A second project I want to highlight from my graduate seminar Teaching History in the Digital Age is by Kurt Knoerl. Kurt is the owner and webmaster of the Museum of Underwater Archaeology and one of the PhD students in our program. The Museum exists entirely online, but Kurt has plans to establish a distributed physical presence in the years to come (ask him what that means…it’s a revolutionary idea).
For his class project Kurt worked with a graduate underwater archaeology course at East Carolina University and made space on his website for the grad students to write about their experiences beneath the waves and then in the lab. Kurt’s stated goal for the project was to see whether forcing the students to write about their work in online journals would meet his (and the professors’) goal of “influencing and impacting underwater archaeologists’ attitudes about using the Internet to reach the public.”
Students in the class wrote weekly entries in the online journal and then as the semester progressed Kurt interviewed them about their experiences and their attitudes about writing exercise. What he noticed was that the early entries were much chattier and informal, but as soon as he pointed out to them that their entries were attracting a fairly large audience (large for underwater archaeology…meaning in the hundreds), they began to take much more care with their writing. In short, knowing they had an audience introduced an element of professionalism in their work that was lacking at first.

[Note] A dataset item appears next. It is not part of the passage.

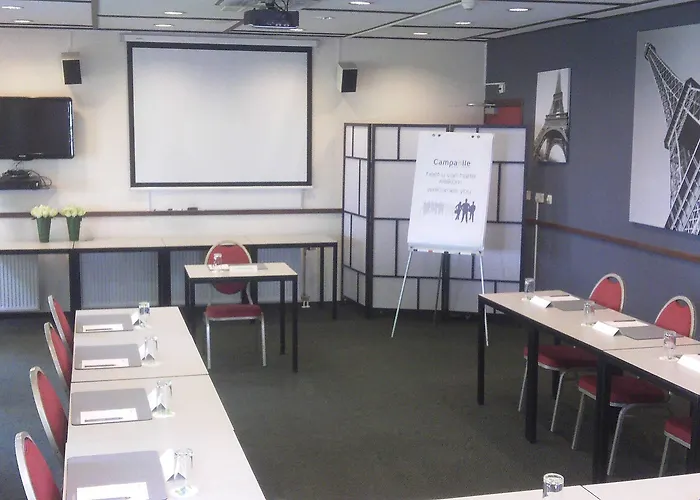 Campanile & Restaurant Hotel 3*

One of the strengths of this project is that Kurt interviewed the students and posted video of those interviews online (unfortunately available only in .wmv format). Only a couple of these are up on the site now, but more will be in the weeks to come as he wraps up the project.
By watching these interviews–think alouds of a sort–you can get a sense for how the students’ thinking about their work underwater changed over the course of the semester. Having this sort of evidence of student thinking about a course is invaluable as we try to figure out what works and what doesn’t in our courses. Also, it’s worth noting that Kurt did these “video” interviews with an Olympus still camera and its built-in microphone. Obviously, this doesn’t produce professional quality video–but it does produce “good enough” video that can be displayed online.
This project is a model of the scholarship of teaching and learning (SoTL) in action. Kurt had a question–how writing online might influence students’ thinking and attitudes about their work. He had a good design–have them write, interview them a couple of times during the semester about that writing, analyze the results of those interviews. And as he did that analysis he was mindful of the influence he himself was having on the results–influence that came from the questions he asked them. Best of all, from my perspective, this project demonstrates two things–that our graduate student can do sophisticated an interesting SoTL work and that we need more of this kind of work focusing on graduate education. Too much of the research underway in the SoTL is focused on undergraduate education.